The development of agricultural productivity results in a movement away from the countryside and into cities, such that the population of the latter increases. Suppose that any one city was once supported by 12 tithings. If one farmer can support one non-farmer, there might be 12 tithing-equivalents (120 families) in the city. If one farmer can support four non-farmers, however, there might be up to 480 families in the city. The greater the productivity of agriculture, the more it has become a big industry rather than one of the peasantry.

Using the traditional D&D currency actually makes the most sense with a calendar of 10 months because that makes it easier to talk about monthly and annual revenue or expenses


Dungeons & Dragons (1974) prescribes a semi-decimal coinage system with three main denominations, gold/silver/copper, in the ratio of 1:10:50. One gold piece is worth ten silver pieces, and one silver piece is worth five copper pieces

This scale alone is not enough to understand the value of any one coin denomination.
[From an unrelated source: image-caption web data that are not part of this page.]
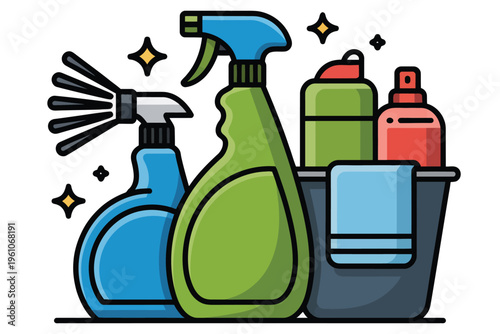 Cleaning supplies set with spray bottles bucket and towel isolated on transparent background for housekeeping and janitorial service concept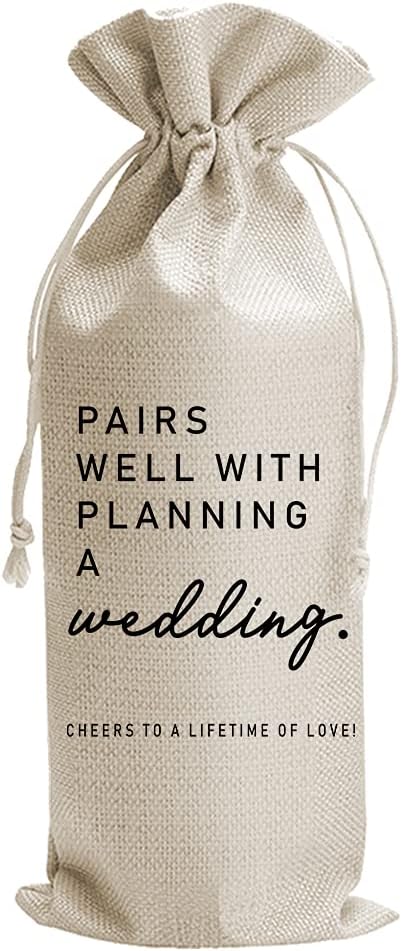 Pairs Well With Planning a Wedding Wine Bag, Engagement, Funny Personalized Burlap Drawstring Wine Bag for Friend Newlyweds, Wedding Party Decorations (J353)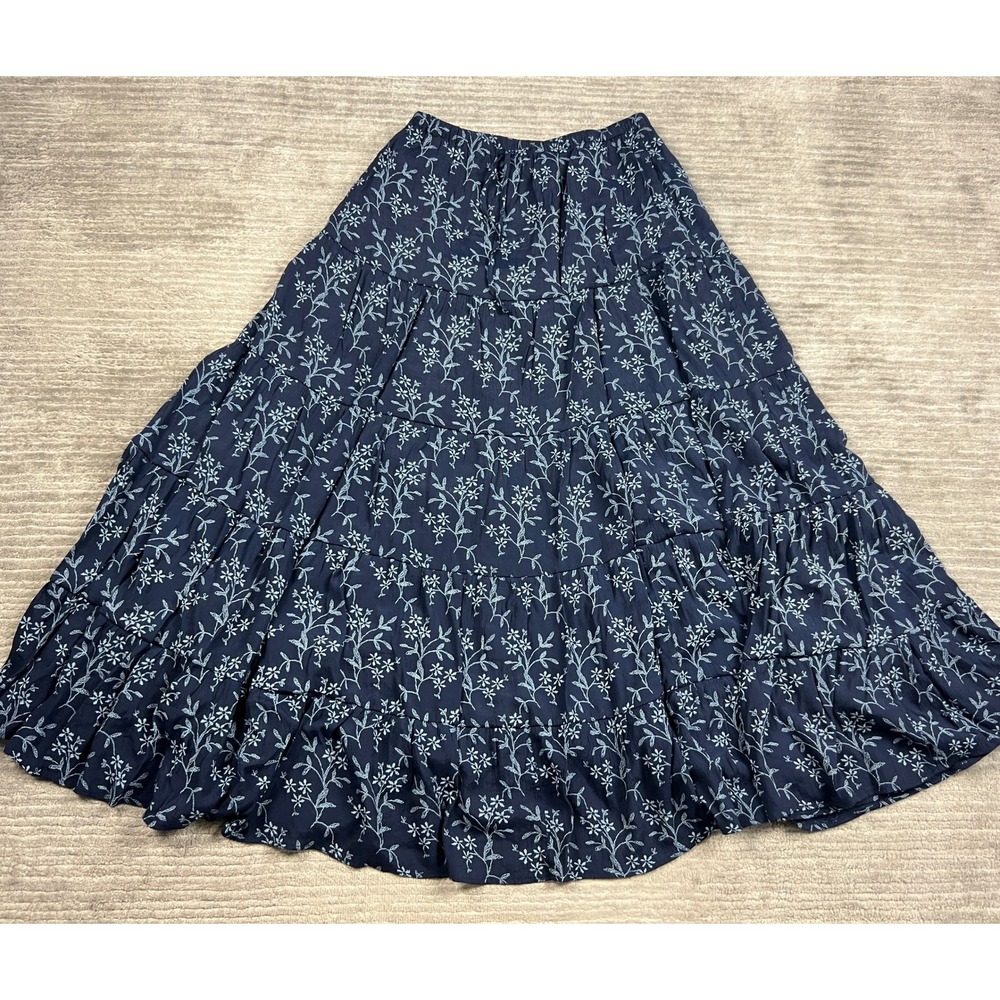 Wishlist Maxi Skirt Womens Large Navy Blue Floral Tiered Boho WL25-11276 Elastic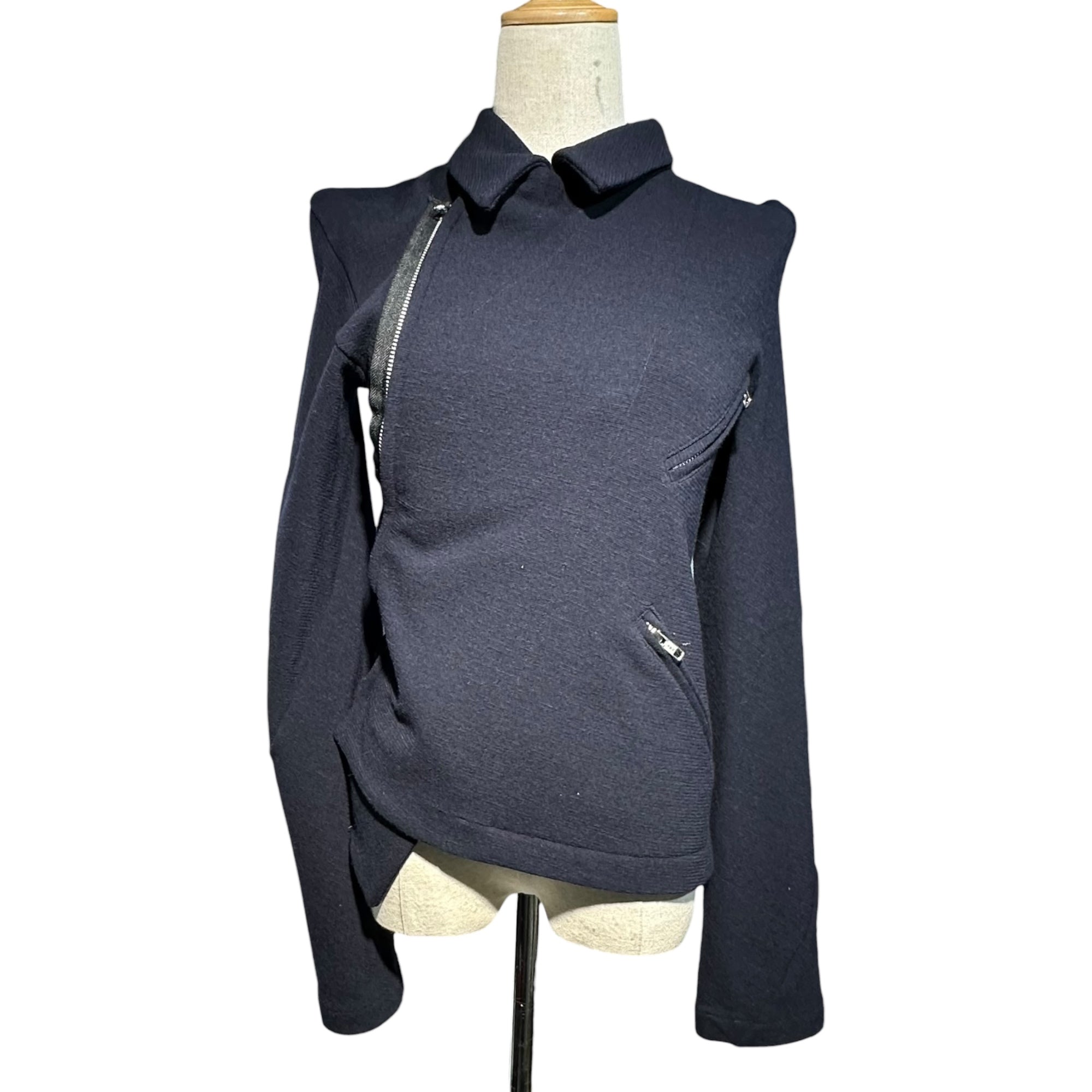 COMME des GARCONS COMME des GARCONS(コムデギャルソンコムデギャルソン) 14AW Asymmetry “Twist” Stretch Wool Rider Jacket アシンメトリー 「捻じれ」 ストレッチ ウール ライダース ジャケット RN-J029 M ネイビー AD2014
We must understand how much purchasing power one piece of any type laid claim to. We know a decent amount about feudal economies that used the pound system of currency. One pound was considered the value produced by a homestead of 120 acres. One tenth of this output was tithed by the church, and a tenth by the state. One pound is obviously a great value, such that even one penny (1 d = 1/240 L) might be too great a value to exchange common everyday products. It’s for this reason that some goods were priced in fourths of a penny, or farthings.

Meanwhile, the coin denominations of D&D are totally made-up, so we can only extrapolate how they might be used. The prices given for different goods and services in OD&D are very inconsistent, seeing that the minimum wage of a worker is 1 gp/month but each citizen of a barony pays 10 gp/year in taxes. It is fair, then, to reconstruct a more consistent set of values for different things just to make the coinage system as a whole more consistent and intuitive. For example, we can assume that taxes are 1 gp/year (10 sp), and keep the minimum wage at 1 gp/month.
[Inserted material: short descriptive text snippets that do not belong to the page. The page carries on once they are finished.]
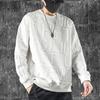 Suéter de hombre de primavera y otoño, cuello redondo, manga larga, marca de moda, camisa interior de primavera y otoño, negro, gris y blanco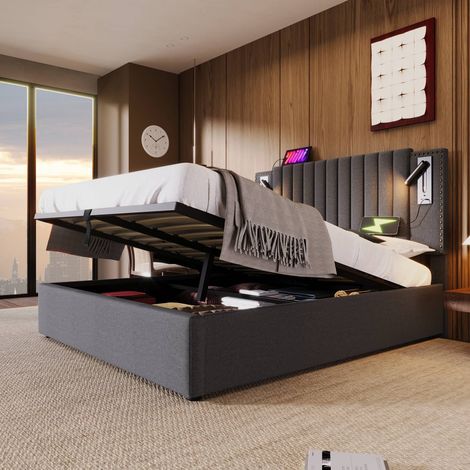 Lit double 180x200 cm gris avec rangements, tête de lit lumineuse et USB (1/5)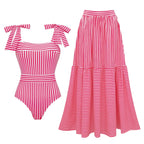 White Striped Two Piece Swimsuit With Halter Top And Long Skirt Beachwear For Summer Vacations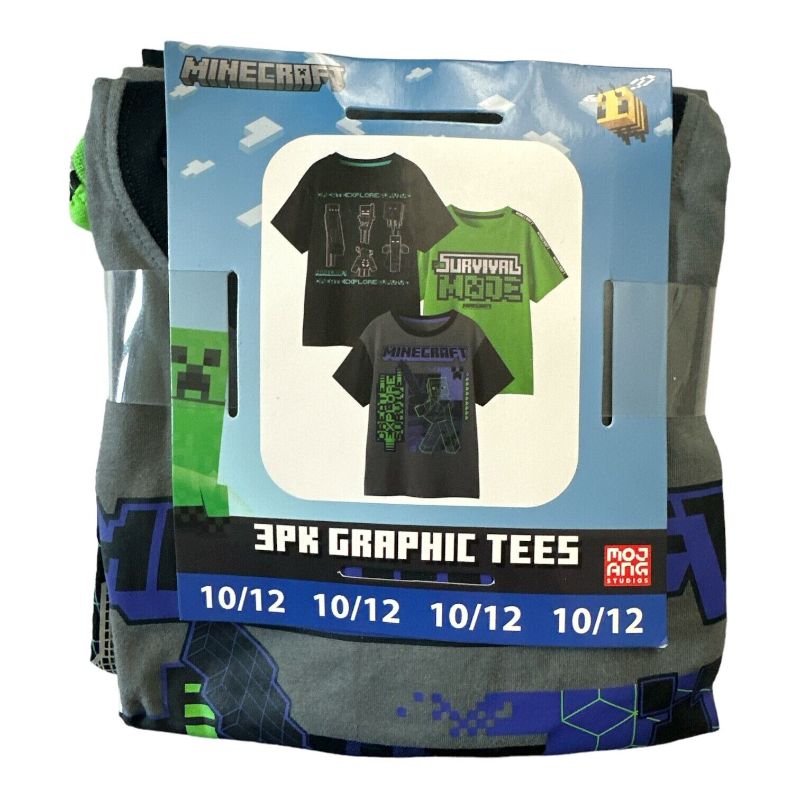 Photo 1 of Minecraft Boys 3 Pack Graphic Tees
Given that there is little material for how to use the pound system of coinage for D&D, and the prices of things using the original coinage system are so inconsistent, we can kill two birds with one stone by modeling an economic system for both coinages. This entails modeling the society presumed by D&D, and the system of timekeeping which that fictional society presumes.

Gygaxian Society

D&D ostensibly takes place in a medieval fantasy world, even though it seems more capitalist with respect to how the economy is geared towards the accumulation of commodities and the expansion of value. We can have the best of both worlds by modeling a feudal economy while it blossoms into a capitalist one, as productivity improves and people move from the countryside to the cities. Throughout this section, I will use the pound coinage system because it is convenient when talking about a society whose years are twelve months each, and also because it was the coinage system of the medieval societies that D&D tries to emulate aesthetically.

As mentioned prior, the state measured the productivity of peasant homesteads to levy taxes. One atomic homestead could produce 1 L in value per year, and so taxing them one tenth of their income would result in a tax revenue of 2 s per homestead each year. Homesteads were grouped into tithings of ten, such that one tithing generated 1 L in taxes per year. Supposing that the game-world is modeled as a hex map where each hex is six miles across, we can presume that a hex might have 1-6 tithings (10-60 homesteads). Each hex would then generate 1-6 L in tax revenue per year.

In medieval England, a homestead was supposed to have 120 acres, or to have the average productivity of 120 acres. Let us suppose that each acre produces four bushels of wheat, and one bushel is replanted such that there is only one left over to consume or sell. Although it would seem that a base household of 120 acres would then produce 360 bushels a year, this is not so. It was standard practice to rotate crops each year according to the three field system where one field is cultivated, one field hosted livestock, and another field was left to fallow. Therefore, only 40 acres are active during one year, and thus one homestead produces 120 bushels per year. Tithes and taxes each extract 12 bushels [1], and so there are 96 leftover to use or sell. Assuming a household has four members and each individual consumes a bushel per month, one homestead can thus support one family besides itself. By extension, if one homestead produces 120 bushels and that output equals 1 L in value, then each bushel is worth 2 d.

Industrial Development

The ratio of farmers to non-farmers informs the organization of society and is driven by increasing productivity on one hand and increasing commodification on the other. Of course, these factors are not unrelated; the improvement of food productivity necessitates that the amount of social productivity invested into food be lowered lest the value of food decrease. This is not a foregone conclusion, but if the value of food decreases such that it is no longer profitable to produce, it is likely that firms (peasants etc.) will depart the industry to pursue more worthwhile ventures, and thus the value of the produce will increase again. There can be some degrees of granularity, e.g. farming becomes four times as effective but there are half as many farmers, such that the value only decreases by a degree of 4 * 0.5 = 2.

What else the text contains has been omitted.